• _WHAT TO WORK ON_: Your task is to copy the stretch of lines in the records below that begins with the line containing "bathroom featuring tile" and ends with the line containing "Olivgrön omlottklänning med knyt", exactly as written, with nothing added.

• _DATA LISTING_:
- Opening Delimiter -
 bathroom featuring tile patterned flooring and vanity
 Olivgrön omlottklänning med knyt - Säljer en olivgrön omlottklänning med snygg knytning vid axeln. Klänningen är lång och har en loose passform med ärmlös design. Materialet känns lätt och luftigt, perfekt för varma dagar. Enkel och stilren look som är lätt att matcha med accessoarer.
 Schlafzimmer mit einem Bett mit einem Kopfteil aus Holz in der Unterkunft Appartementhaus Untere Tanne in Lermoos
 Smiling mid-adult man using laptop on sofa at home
- Closing Delimiter -
- Opening Delimiter -
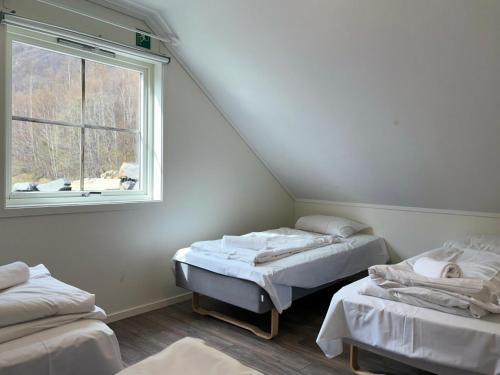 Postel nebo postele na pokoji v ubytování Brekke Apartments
- Closing Delimiter -
• _ANSWER_:
 bathroom featuring tile patterned flooring and vanity
 Olivgrön omlottklänning med knyt - Säljer en olivgrön omlottklänning med snygg knytning vid axeln. Klänningen är lång och har en loose passform med ärmlös design. Materialet känns lätt och luftigt, perfekt för varma dagar. Enkel och stilren look som är lätt att matcha med accessoarer.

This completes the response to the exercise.